Copy the lines below exactly, starting at the one with "Rani pink sequin" and ending at the one with "The living room", and leave out any picture.

SOURCE INFORMATION →
%%
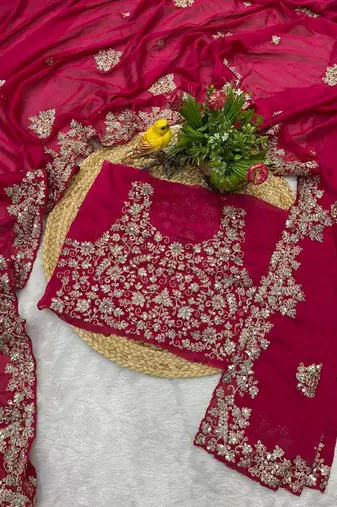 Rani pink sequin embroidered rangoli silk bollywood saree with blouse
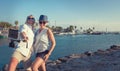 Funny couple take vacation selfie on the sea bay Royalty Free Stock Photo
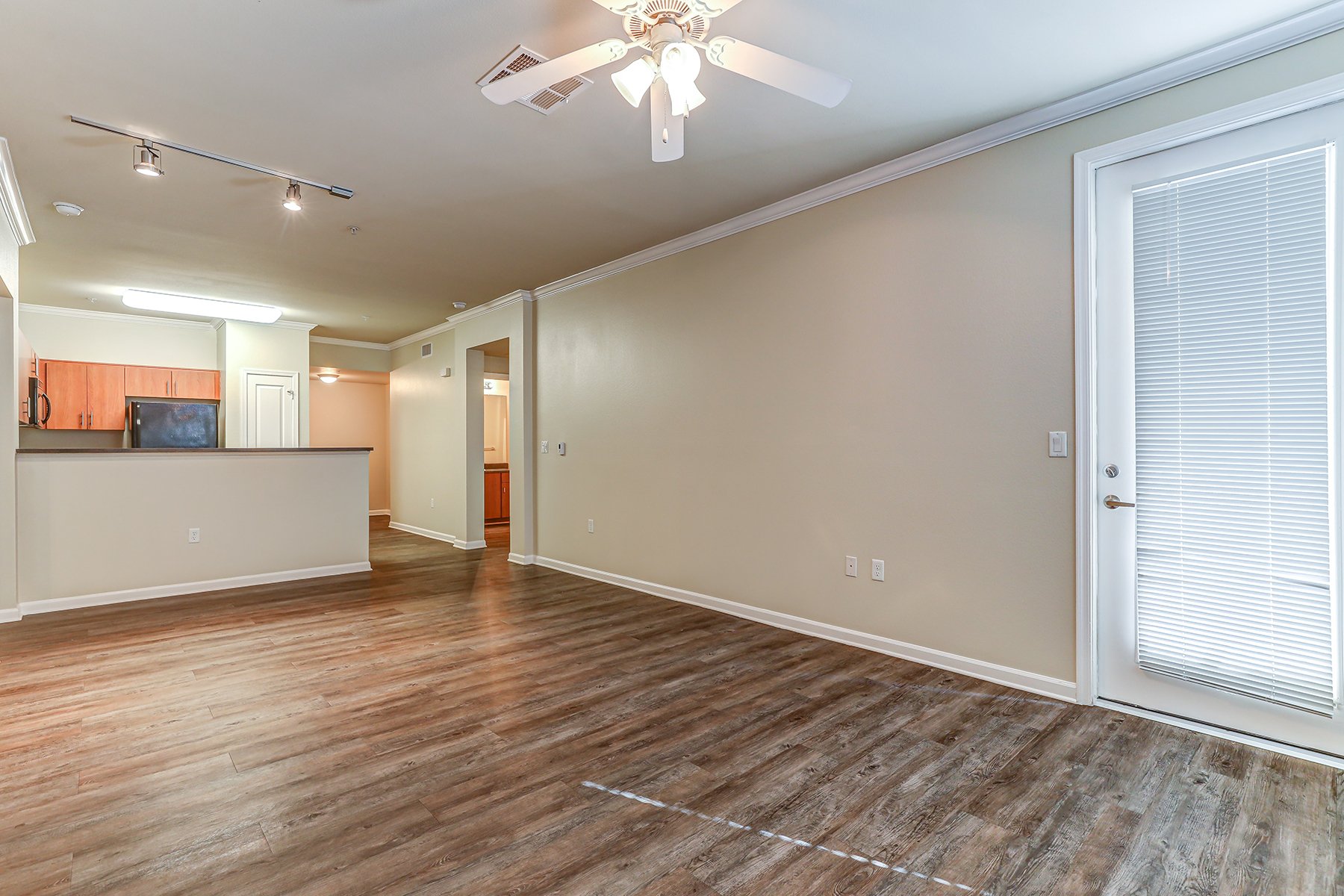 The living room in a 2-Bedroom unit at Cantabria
%%
%%
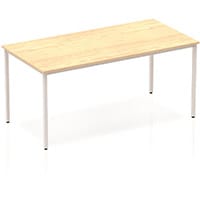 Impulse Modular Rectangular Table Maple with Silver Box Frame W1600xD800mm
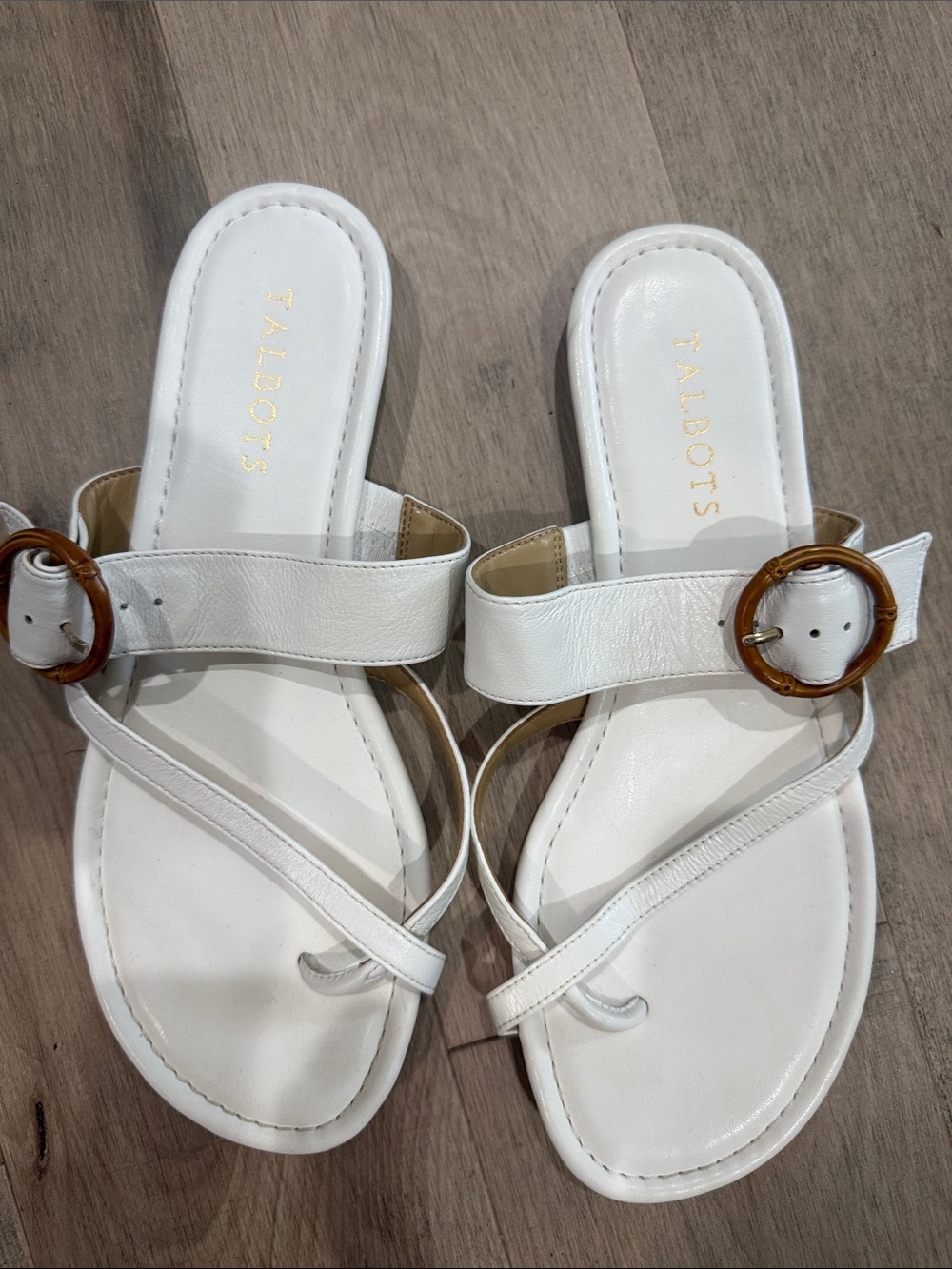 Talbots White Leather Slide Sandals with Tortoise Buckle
%%
OUTPUT →
 Rani pink sequin embroidered rangoli silk bollywood saree with blouse
 Funny couple take vacation selfie on the sea bay Royalty Free Stock Photo
 The living room in a 2-Bedroom unit at Cantabria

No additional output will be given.